Pupils from both state and private schools can participate but the award's "key focus" was to attract entrants from state schools, says Art UK's director, Andrew Ellis. Twenty-four candidates were shortlisted from almost 200 entries for the prize's first edition; around a third of these were from state schools and two-thirds from private schools.

We asked one of the judges, David Dibosa, a reader in museology at the University of the Arts London, about the yardsticks for judging the entries. “For me, engagement in art is all about vision. From top art criticism to school essays, writers have to be able to share their vision of what they see. It starts with clear description but it goes beyond that. Writers need to give a sense of the significance of the work,” Dibosa says.

A work of art could be meaningful in a variety of contexts, in terms of personal memory or big political themes as well as in relation to the development of art over the centuries, Dibosa adds. “Any writer who can share what they see and what it means to them must be judged to have done good work, in my eyes."

His fellow judges on the panel were Gabriele Finaldi, the director of the National Gallery in London, Jackie Wullschlager, an art critic at the Financial Times, the artist Jeremy Deller and the cultural historian and broadcaster Janina Ramirez.

They selected Abhimanyu Gowda of King Edward VI School in Warwickshire for the first prize in the Years 10 and 11 category for his essay on Frank Brangwyns British Empire Panel (11) India (around 1930). Catherine Jamieson from Esher College won first place in the Years 12 and 13 category for her analysis of Titians Bacchus and Ariadne (1520-23). Here, we reproduce extracts from both texts.

Abhimanyu Gowda, Write on Art: British Empire Panel (11) India by Frank Brangwyn

Picture the scene. Its a typical, wet February day in South Wales. You slip off the M4, and five miles down the road into Swansea. Out of the damp misery, you step into the chiselled Portland stone of Brangwyn Hall, and straight into 3,000 square feet of colour.

These are the British Empire Panels. Sixteen exquisite, oil-painted boards, each 6.09 metres tall by 3.96 metres wide, adorn the walls of Swanseas Guildhall. They are incredible; the myriad of convoluted shapes haphazardly scattered across the canvasses should be unsettling. Yet there is an undeniable sense of serenity.

Lets take a closer look at number 11. Brangwyn uses a wide palette, with a range of brilliant indigoes and turquoises, creating a vibrant, exotic portrayal of India. He uses organic brushstrokes and smooth lines to create the pleasing shapes of natural forms, such as the bird in the top right, and the plants which pervade the piece.

Catherine Jamieson, Write on Art: Bacchus and Ariadne by Titian

Pink and blue are tentatively appearing, fresh and delicate, out of tea-coloured varnish. It is London, 1967, and the initial restoration tests are being carried out on Titians Bacchus and Ariadne. The colours are emerging from the layers of time like the bacchante emerging from the woods of Naxos: the nine patches, each seven centimetres squared, are like peepholes into the ether.
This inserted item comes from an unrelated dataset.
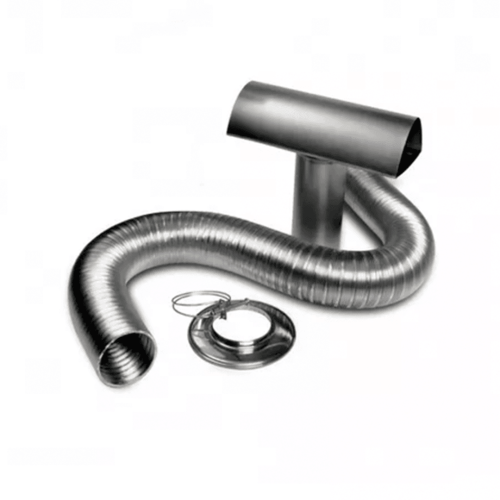 Kit Chaminé Fácil para Aquecedor a Gás Diâmetro 80X370mm - Imagem 7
They are tantalising, fragile; the first little steps in a momentous restoration project that will have the painting back as it was when seen by its patron, Duke Alphonso dEste of Ferrarra. Perhaps this is in the back of the Chief Restorers mind: I am like Alphonso – the painting is gradually being revealed to me. The painting is being reborn.

Alphonso first looked at the finished painting, in the camerino of his Ferrarra residence, in 1523. It was only the second of the five paintings that he wanted, but he would have been relieved to have it completed after a three-year wait. He had already had an artist die before they could complete their commission, and two artists who never began their work for him. He would have been satisfied at being able to rival his sister Isabella, whose lavishly decorated studiolo he envied. And perhaps he would be amused at the inclusion of his own little dog in the foreground, about to scamper out of the way as Bacchus leaps towards him.